Article 1173 specifies the obligations of the franchisor in a general manner: according to paragraph (1) the franchisor “is obliged to transfer to the franchisee the totality of the relevant intellectual property rights, trade marks, models, elements [parts] of equipment, trade dress, concepts of delivery, supply, organisation and other information necessary to the organisation on the work of the franchise”. Paragraph (2) indicates that in addition “the franchisor has the obligation to protect the common franchise programme from the intervention of third parties, to update the programme continuously and to support the franchisee in his activity by way of training, and information”.

Article 1174 specifies the obligations of the franchisee, which include the payment of royalties, the observance of the business format and the obligation, if the contract so requires, to buy the goods and services required from the franchisor or a person indicated by the franchisor.

Article 1175 provides that both parties have an obligation to keep commercial secrets confidential, and that each of the parties must inform the other of “all circumstances related to the franchise in question”.

Article 1176 specifies that the term of the contract is determined by the parties (paragraph (1)), and indicates the conditions of termination of long-term or indefinite contracts (paragraph (2)).

Article 1177 provides for an obligation of fair competition for both parties, and

Article 1178 returns to the obligations of the franchisor by stating that the franchisor is responsible for all the rights it grants, i.e. it must have registered the trademarks, etc. It also provides for a right of the franchisee to reduce the amount of money to be paid to the franchisor if the rights do not exist or if the franchisor does not perform its obligations.

Law of the Republic of Moldova on Franchising No. 1335 of 1 January 1997

The Law of the Republic of Moldova on Franchising No. 1335 of 1 January 1997 is more detailed. It comprises nineteen articles divided into five Chapters: Chapter I: General Provisions (Articles 1 – 7), Chapter II: The Franchise Agreement (Articles 8 – 12), Chapter III: Rights and Obligations of the Parties (Articles 13 – 15), Chapter IV: Guarantees and the Protection of the Rights of Participants in the Franchise (Articles 16 – 17), and Chapter V: Final Provisions (Articles 18 - 19).

Chapter I: General Provisions (Articles 1 – 7) provides a definition of franchising, of the franchisor and of franchisees, lists the legislation that applies to franchising. Also Chapter I considers the field of application and the purpose of the franchise, and the different forms of franchising, i.e. corporate or commercial. These are defined as: “In the corporate form of franchising the franchisees participate in all stages of production of the franchisor. The characteristics of the corporate form are:

- a close relationship between franchisor and franchisee;
- the regular sharing of information;
- a detailed regulation of the activity and a high level of responsibility of the franchisee.

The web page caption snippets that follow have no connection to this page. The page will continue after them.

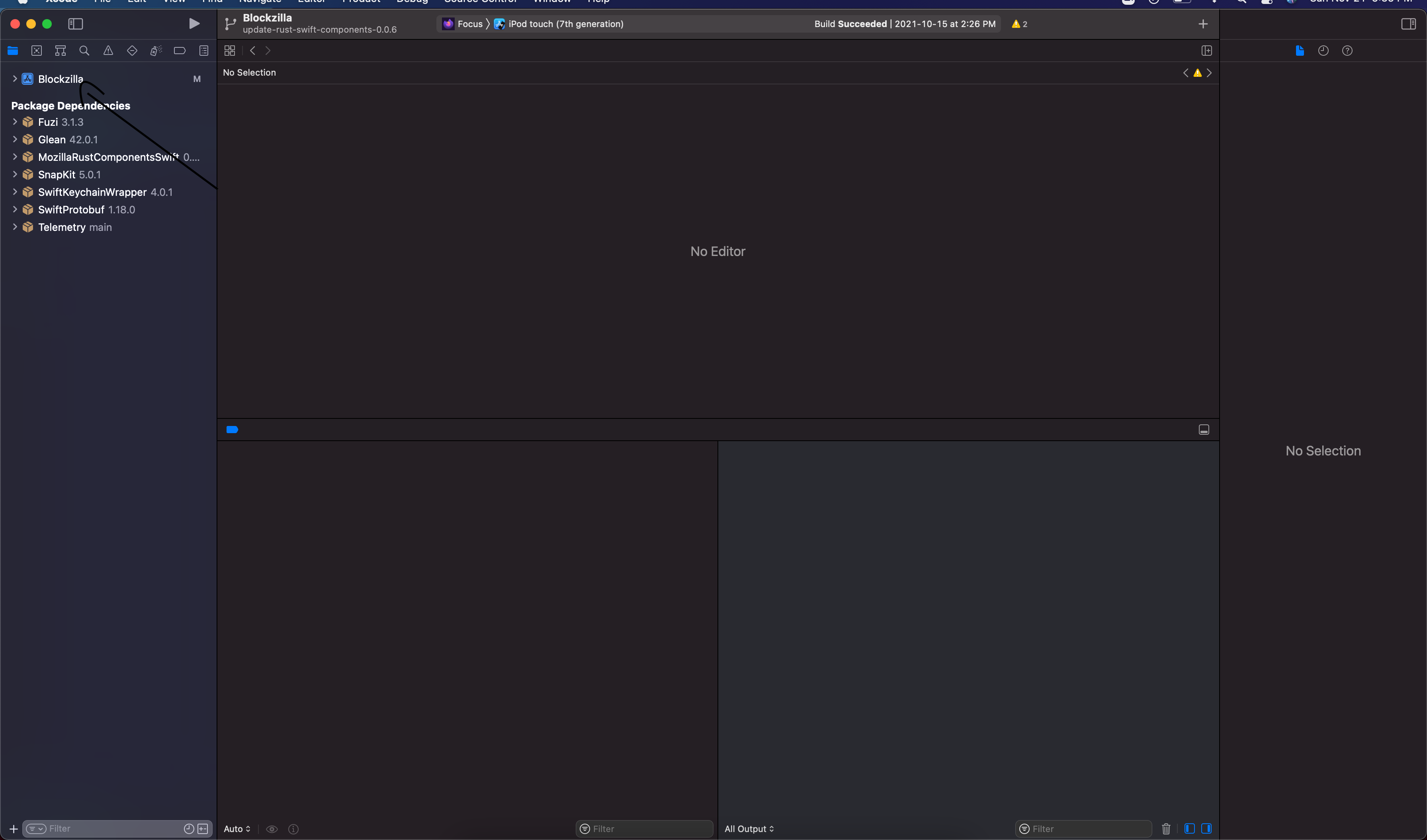 Screenshot of where to find the setting for Blockzilla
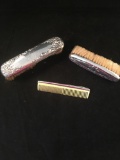 Sterling Silver Childrens Grooming Pieces - 1 Comb; 2 Clothes Brushes 1 Monogrammed EJM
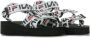 Fila Zwarte Logo Sandaal Dames Slippers Black Dames - Thumbnail 5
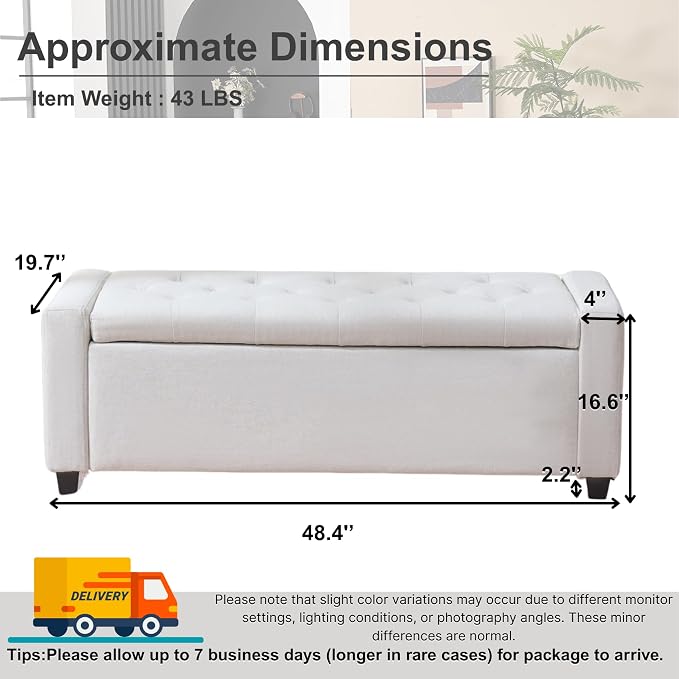Beige Linen 48.4''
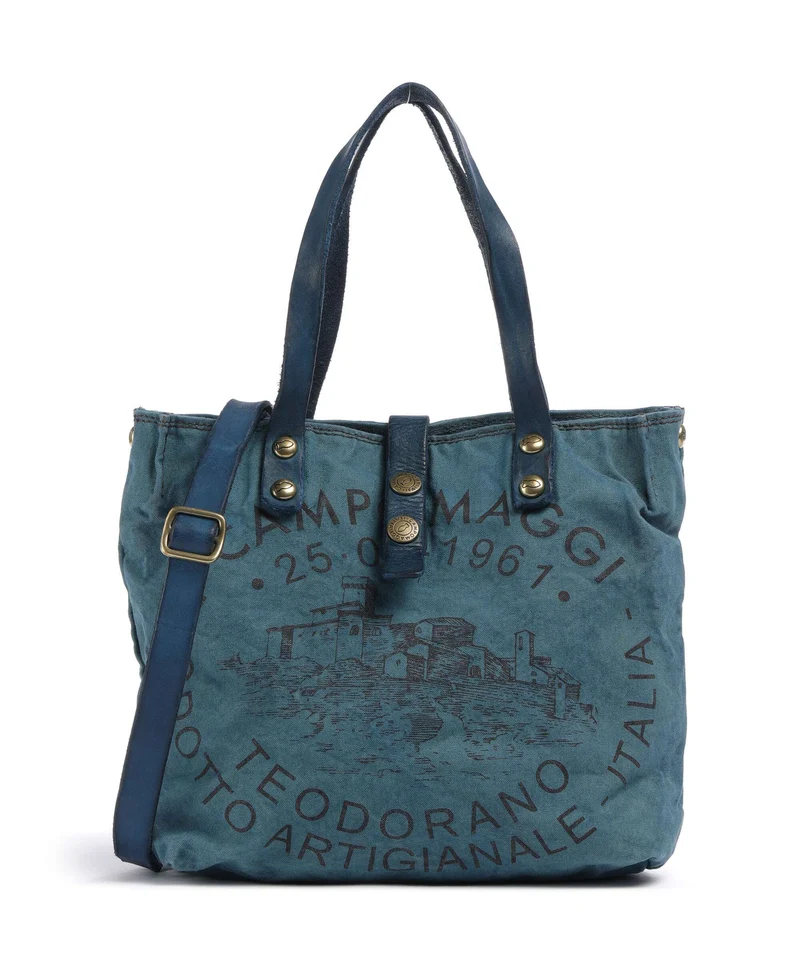 Campomaggi Bolso de mano beige/zaffiro/moro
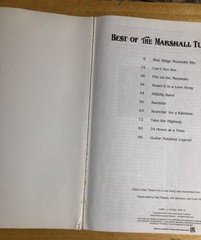 Best Of The Marshall Tucker Band Guitar/Vocal Songbook 2007 Cherry Lane Music Co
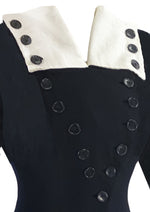 Impeccable Vintage 1940s Navy Nautical Suit - NEW!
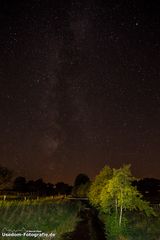 Milchstraße über dem Gothensee auf Usedom am 30.09.2013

The commercial form of franchising provides for the distribution of goods or the providing of services. The characteristics of the commercial form are:

- a narrow specialisation of the franchisee by the distribution of one type of product or the providing of one type of service;
- the receipt by the franchisor of a fixed part of the revenue;
- the franchisee bearing the risk for products sold or services provided;
- the franchisee’s obligations not being precisely regulated.”

In general terms it is provided that the legal forms permitted are those admitted by the legislation in the place of residence of the parties.

Chapter II: The Franchise Agreement (Articles 8 – 12) deals with the preparation of the franchise proposal, which can be made by either party. The Law specifies that “The proposal must contain a business-plan with specifications for the production and/or distribution of the product, the providing of the service, the volume of the production, the salary levels of the employees, the prospective income, the volume and directions of the supplementary investments, and other conditions required by the franchisee or the franchisor”.